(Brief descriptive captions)
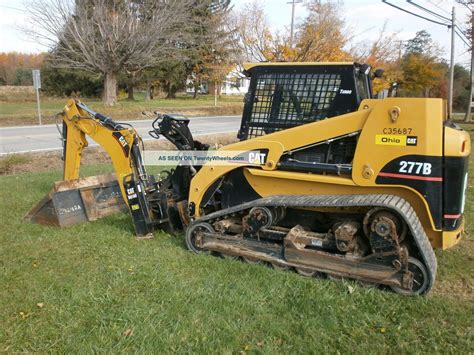 caterpillar  cat track skid steer loader backhoe attachment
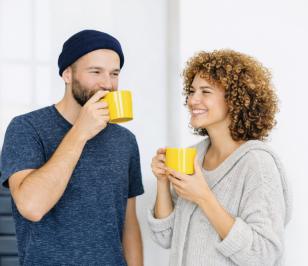 Zwei Personen trinken aus gelben Tassen und stehen nebeneinander.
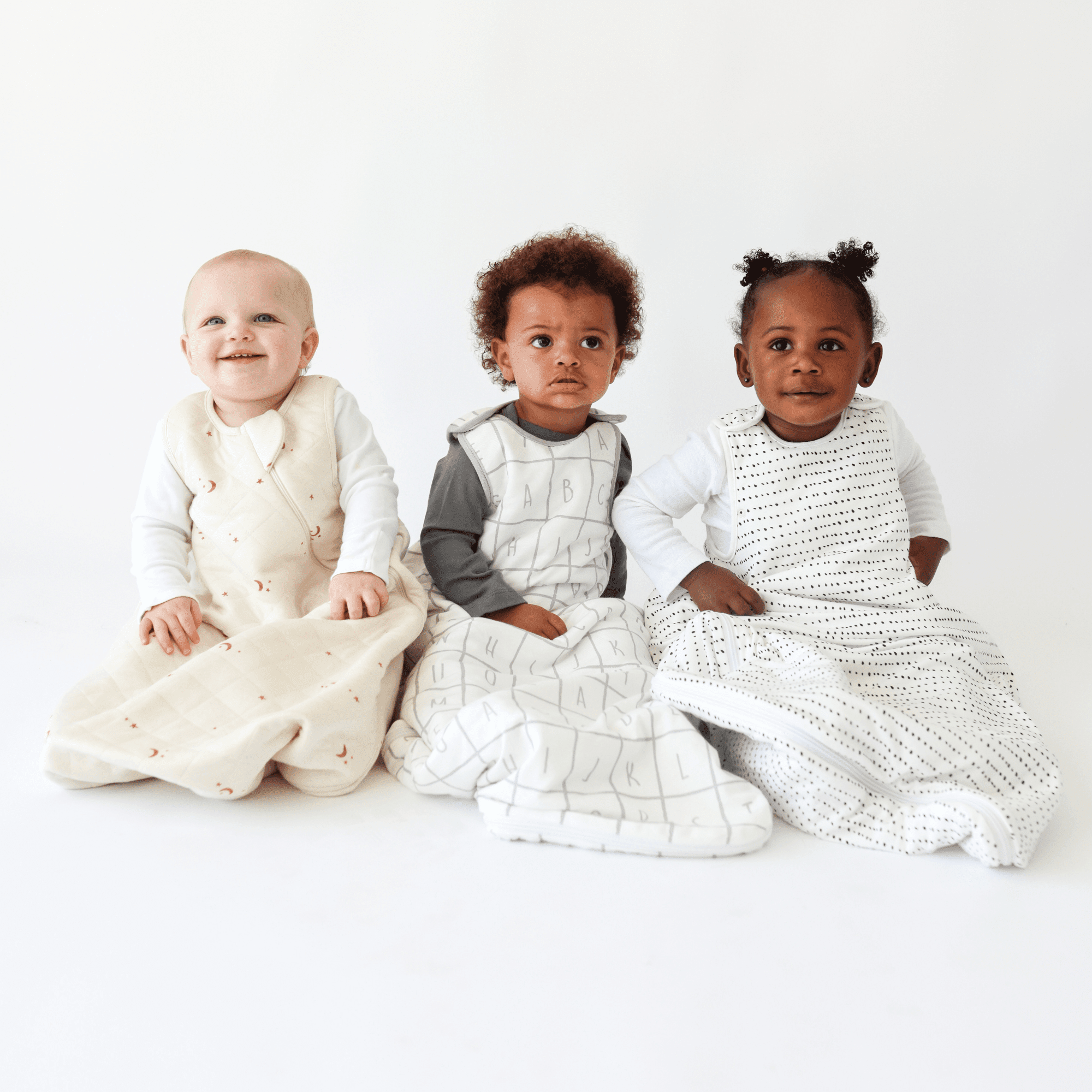 Toddlers wearing Tealbee Dreambag in different designs and TOG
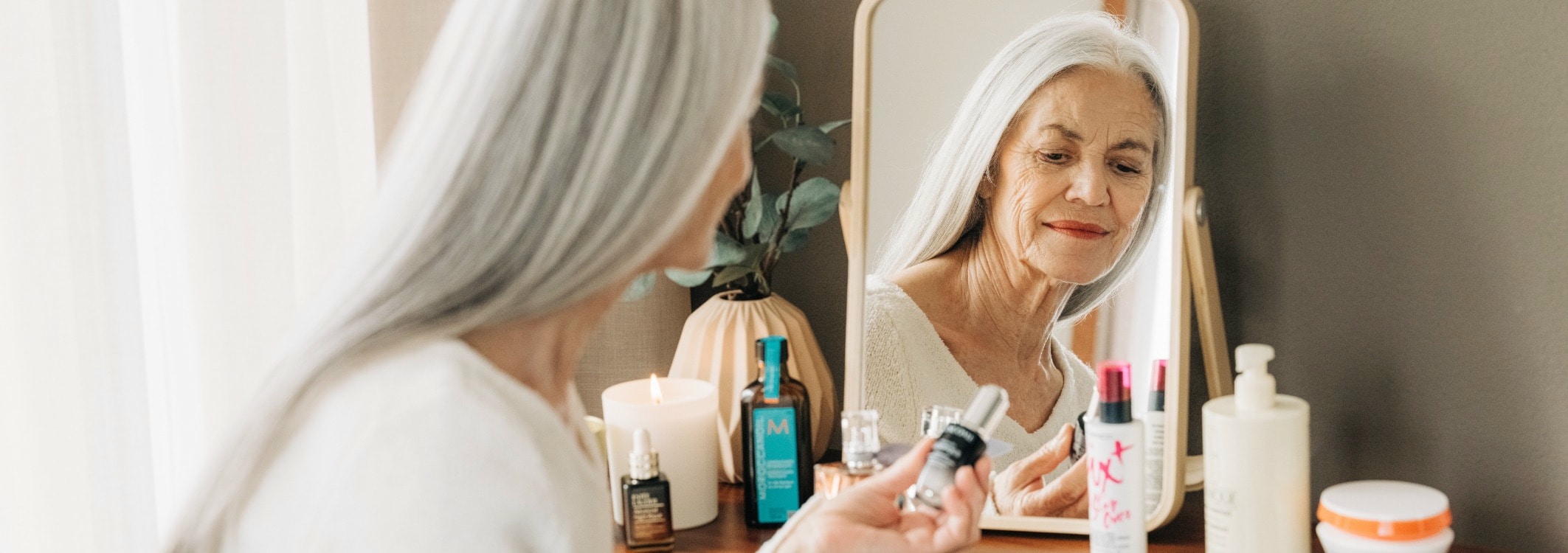 ältere dame sitzt vor kleinem spiegel und betrachtet beauty produkte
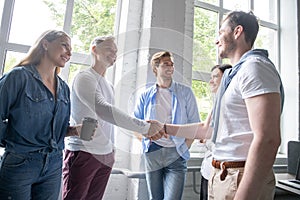 Welcome to our team! Business men in smart casual wear shaking hands while working in the creative office.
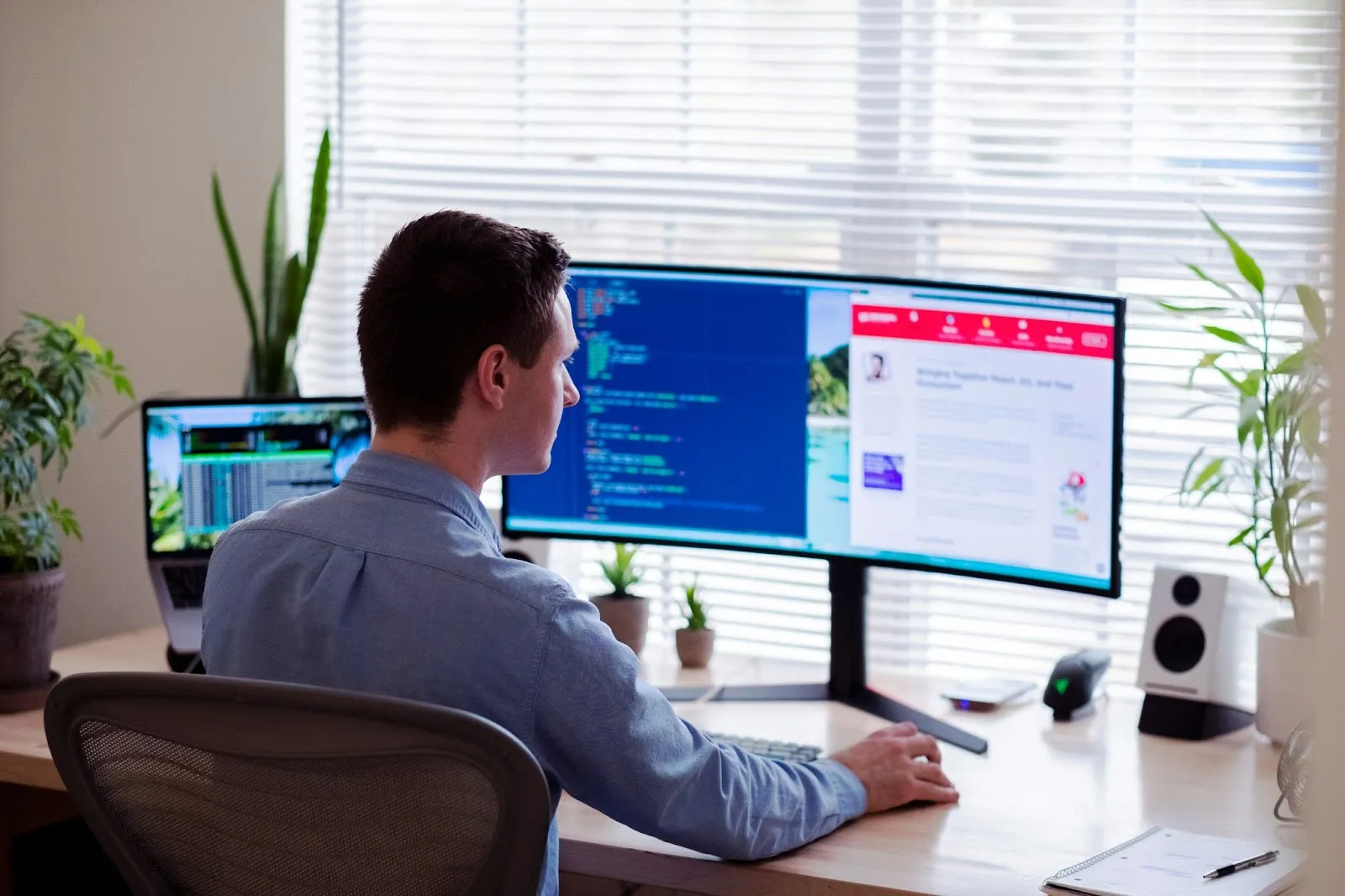 A man working at a home office with multiple monitors, one showing code and the other displaying a website, surrounded by plants and sunlight.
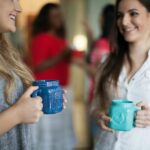 Two women smiling and holding coffee mugs while enjoying conversation, symbolizing friendship, trust, and the importance of believing the best in others.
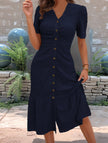 White doll collar short sleeve dress by FJØRNA, featuring a classic design and clean fabric, perfect for casual or formal wear.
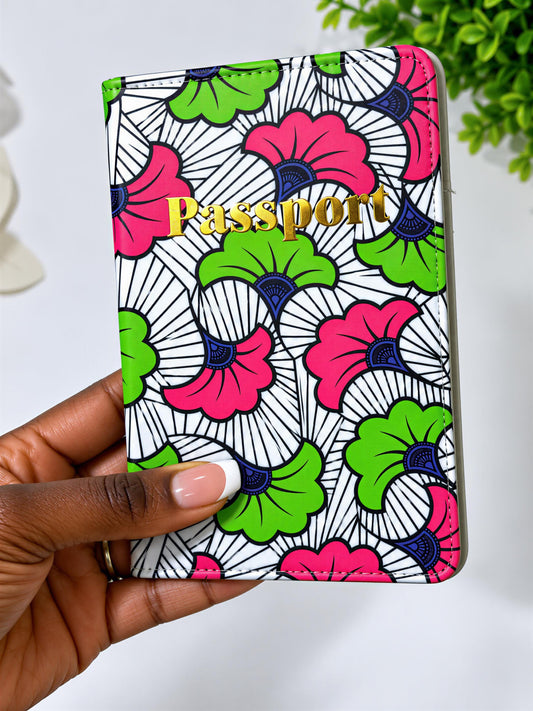 A hand holding a colorful passport wallet with a floral pattern in pink, green, and white.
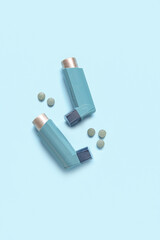 Asthma inhalers with pills on blue background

Exercise aim: The lines to copy exactly start with the line above that has "ältere dame sitzt" and go on through the line that has "Two women smiling"; please include both, add nothing else, and omit the pictures.

Worked solution:
 ältere dame sitzt vor kleinem spiegel und betrachtet beauty produkte
 Welcome to our team! Business men in smart casual wear shaking hands while working in the creative office.
 A man working at a home office with multiple monitors, one showing code and the other displaying a website, surrounded by plants and sunlight.
 Two women smiling and holding coffee mugs while enjoying conversation, symbolizing friendship, trust, and the importance of believing the best in others.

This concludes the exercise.